PROBLEM → Pictures in the entries below are excluded; copy only the lines from the one containing "We accept returns" to the one containing "What do you", both included.

=== EXTRACTED DATA ===

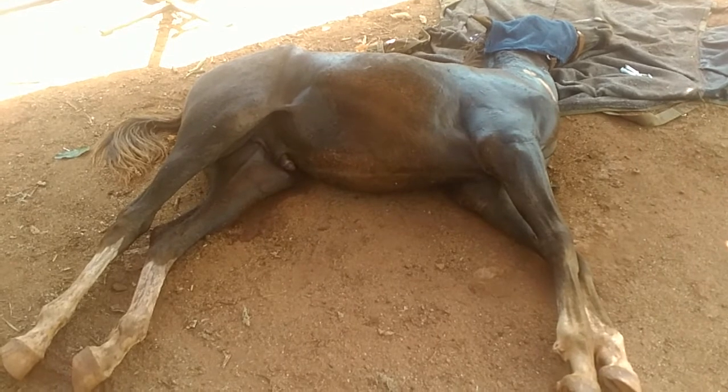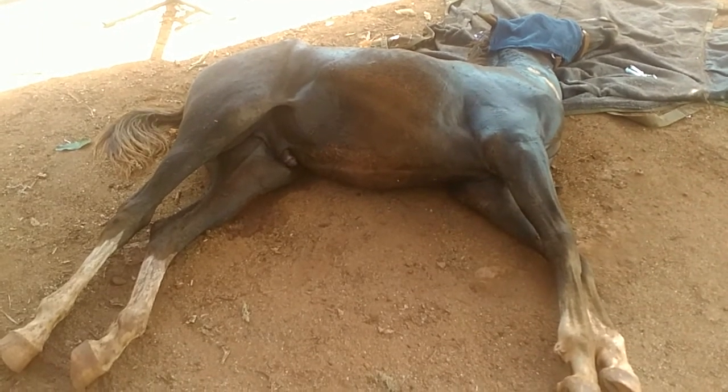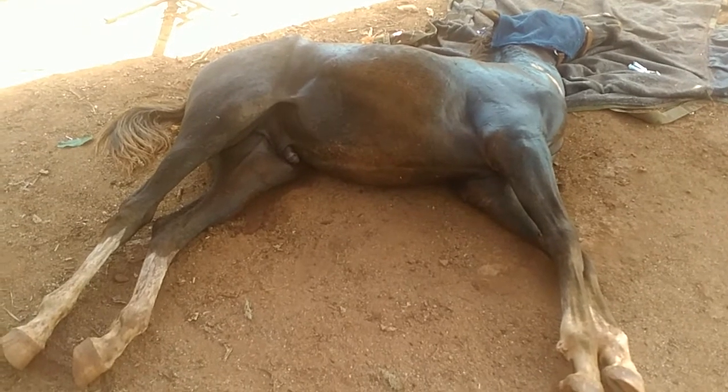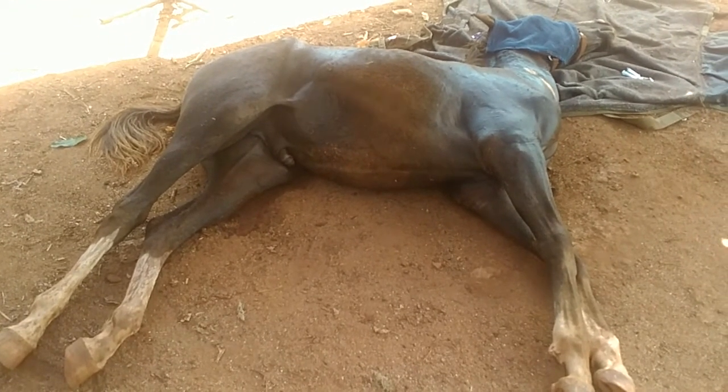It will paralyze the heart — that's the bad thing. It will paralyze the heart. The diaphragm, the heart, everything — yes, all the muscles, all acting muscles.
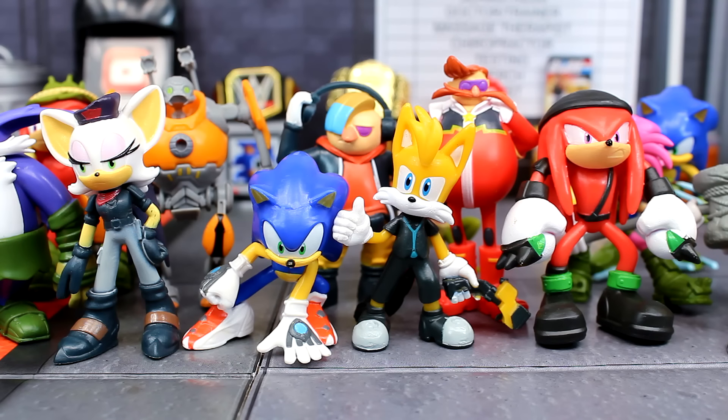Alright guys, that's going to wrap up this review on the PMI Sonic Prime collectible figures. Definitely not the greatest — they're kind of just there until Jacks ends up making some of them. I wasn't a fan when they were first revealed and still not a fan now. Some of them are okay, but I did want to review them since some of you were probably curious. I picked mine up at FYE — I wouldn't be surprised if Amazon had these as well. Thank you all so much for watching — catch you guys in the next video, take care!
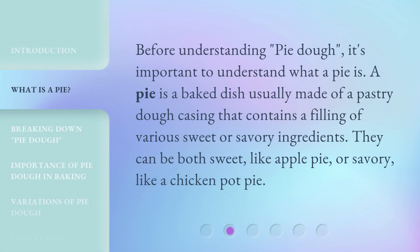Before understanding pie dough, it's important to understand what a pie is. A pie is a baked dish usually made of a pastry dough casing that contains a filling of various sweet or savory ingredients. They can be both sweet, like apple pie, or savory, like a chicken pot pie.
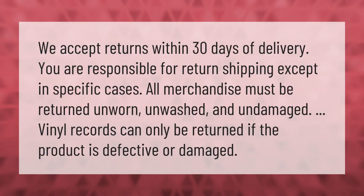We accept returns within 30 days of delivery. You are responsible for return shipping, except in specific cases. All merchandise must be returned unworn, unwashed, and undamaged. Final sale records can only be returned if the product is defective or damaged.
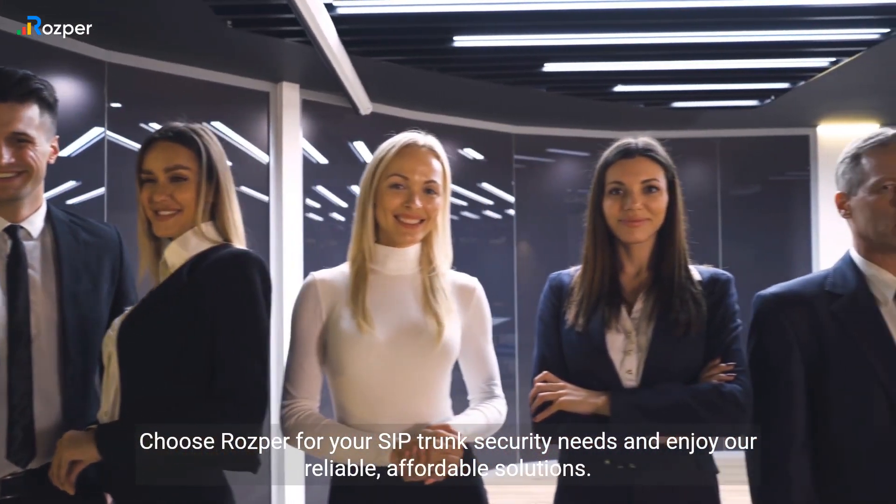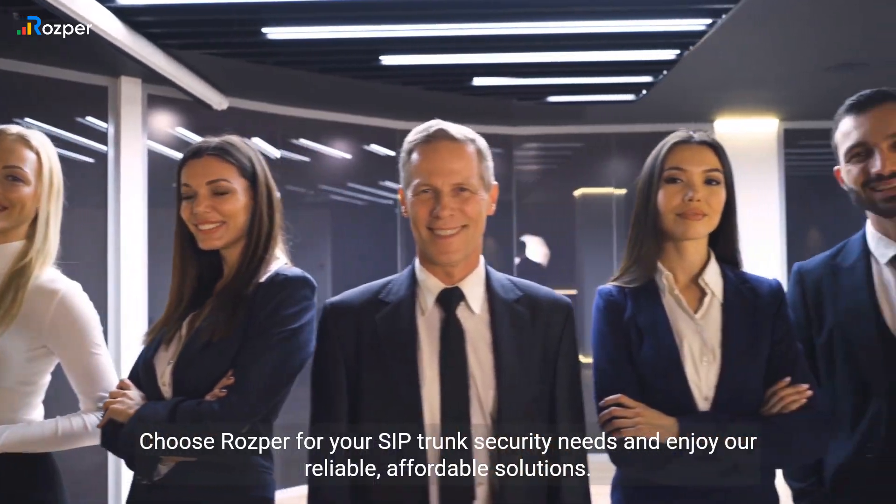Choose Rosper for your SIP trunk security needs and enjoy our reliable, affordable solutions.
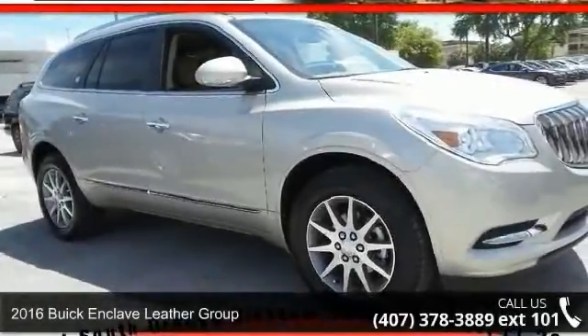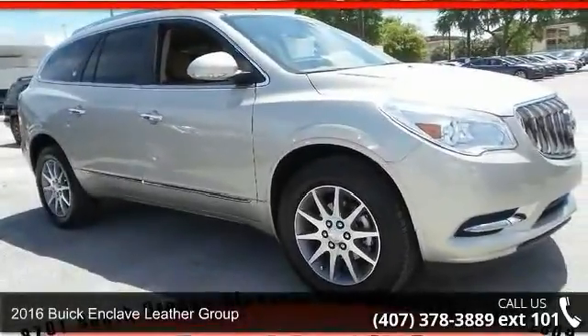Step into the 2016 Buick Enclave. This may be the set of wheels you've been looking for.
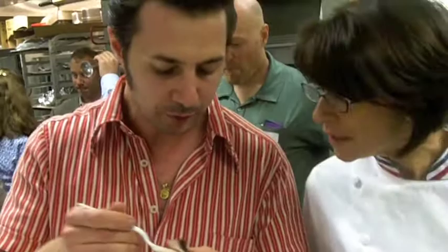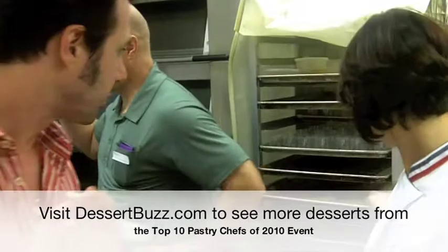What do you use though? Well that's a flourless chocolate cake.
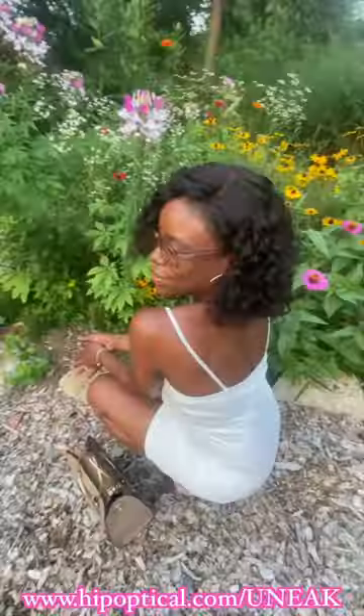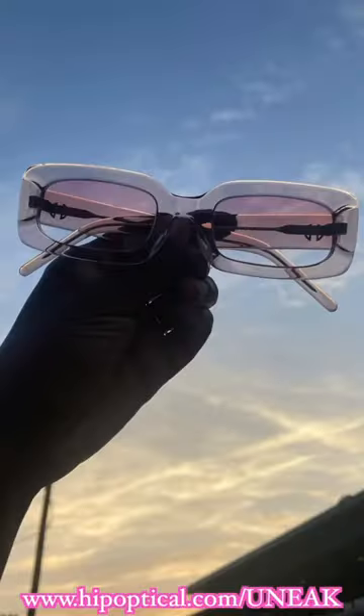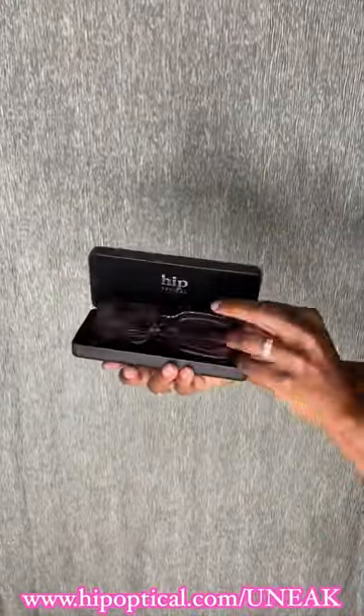Thank you to Hip Optical for sponsoring today's video. I know y'all been there paying hundreds of dollars for prescription glasses, but y'all don't have to do that anymore. Hip Optical has made it easier than ever to order your glasses, whether with a prescription or without, right from the comfort of your own home.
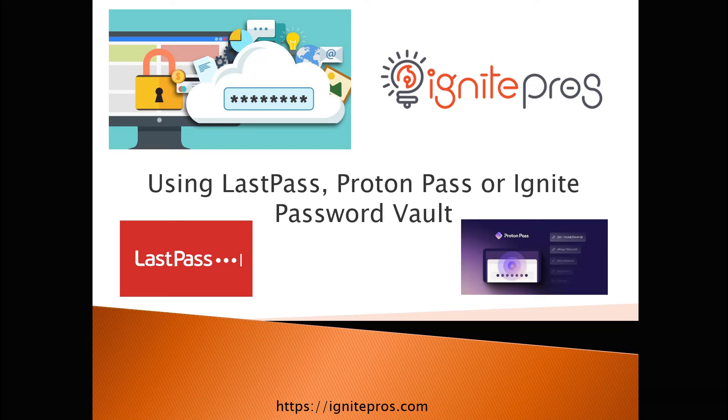Hello. Today's presentation is using LastPass, ProtonPass, or Ignite Password Vault. This is going to be a quick introduction to using password vaults.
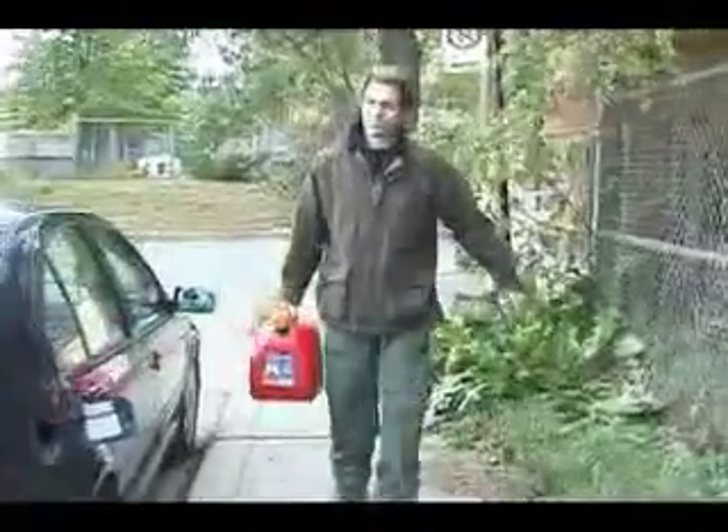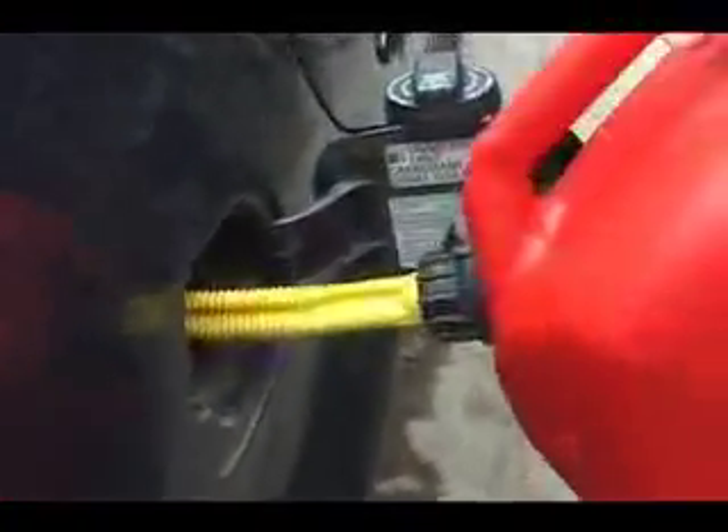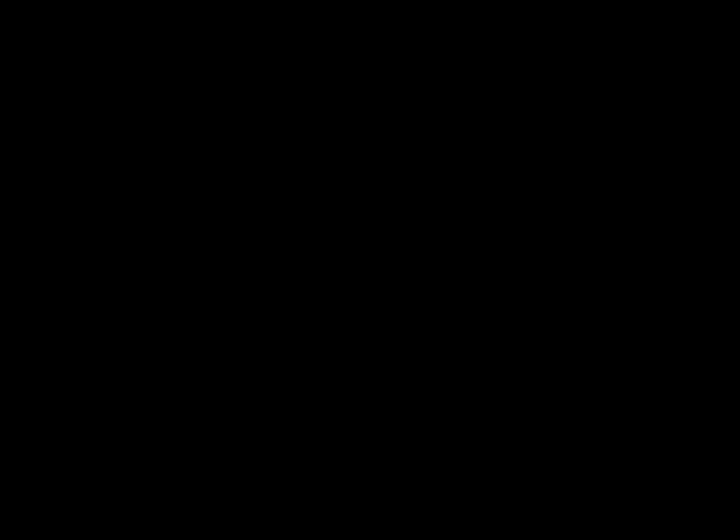Today, most diesel engines can be found in trucks and vans. John drives a Volkswagen TDI, one of very few cars made with a diesel engine. Because I thought the car's going to seize, you know, I'm going to screw the warranty on the car, it'll be finished. With a turn of the key, the car starts.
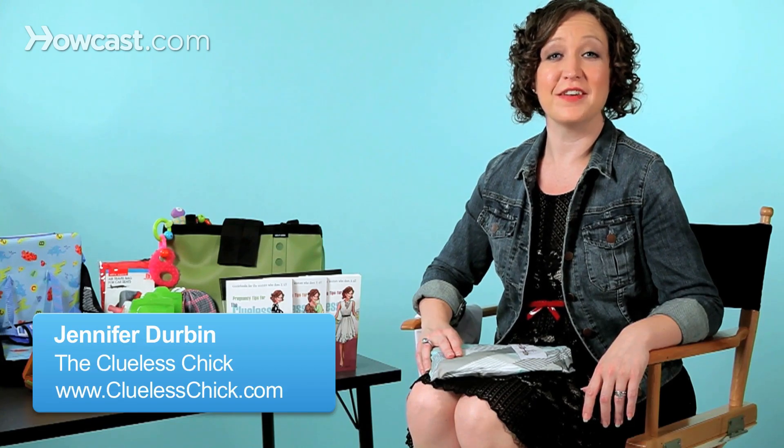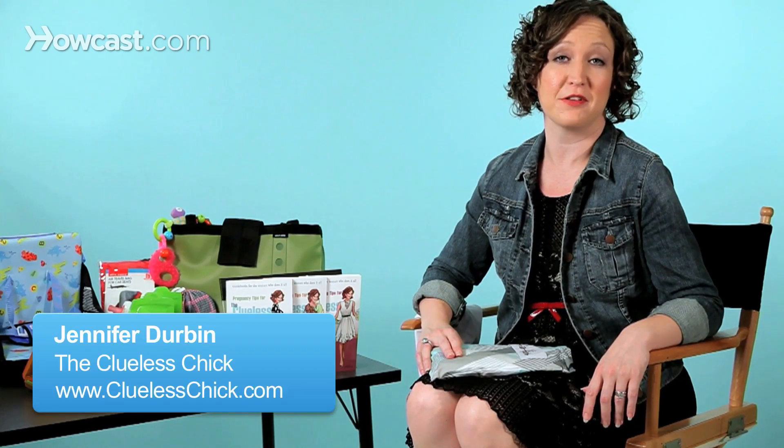Hi, I'm Jennifer Durbin and I've got some tips for you for breastfeeding your little one while on an airplane. We all know that we're super cramped on an airplane, there's not much room to move, so how do you manage the logistics of nursing in that small space?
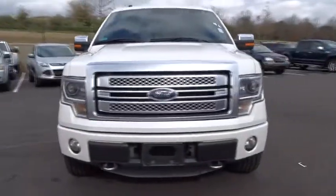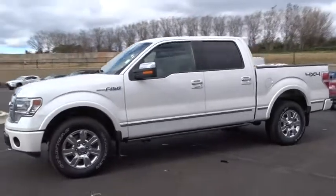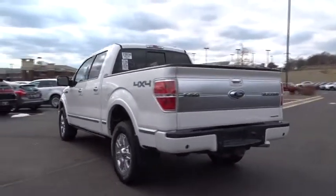A 2014 Ford F-150. A Ford F-150 knows how to handle any situation. It's built to follow orders. No whining. This vehicle has less than 45,000 miles.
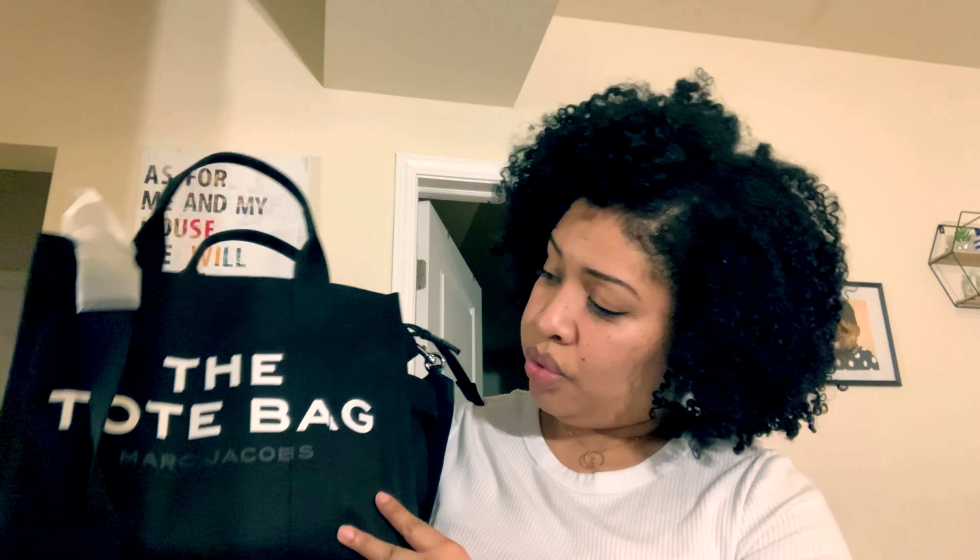I like the bag. I just think initially I was disappointed because I was expecting something larger. I can always return it if I want to, but I don't want to because I do like it and I like the fact that it's a crossbody. Overall, I like it. I think it's cute and it's going to be very functional. I'm almost positive this is probably going to be my most used bag because it's just so me.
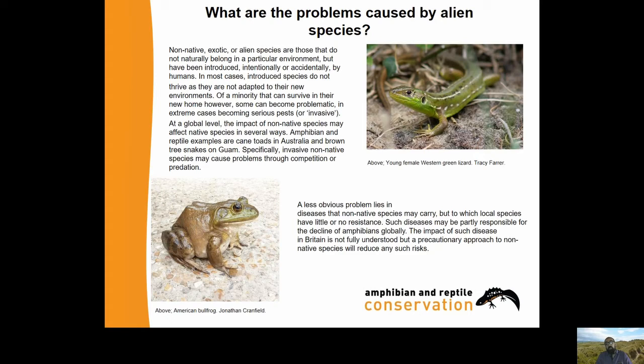A less obvious problem lies in diseases that non-native species may carry, but to which local species have little or no resistance. Such diseases may be partly responsible for the decline of amphibians globally - that's almost certainly the case. The impact of such disease in Britain is not fully understood, but a precautionary approach to non-native species will reduce such risks.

===

EXERCISE OUTPUT →
We accept returns within 30 days of delivery. You are responsible for return shipping, except in specific cases. All merchandise must be returned unworn, unwashed, and undamaged. Final sale records can only be returned if the product is defective or damaged.
Choose Rosper for your SIP trunk security needs and enjoy our reliable, affordable solutions.
Step into the 2016 Buick Enclave. This may be the set of wheels you've been looking for.
What do you use though? Well that's a flourless chocolate cake.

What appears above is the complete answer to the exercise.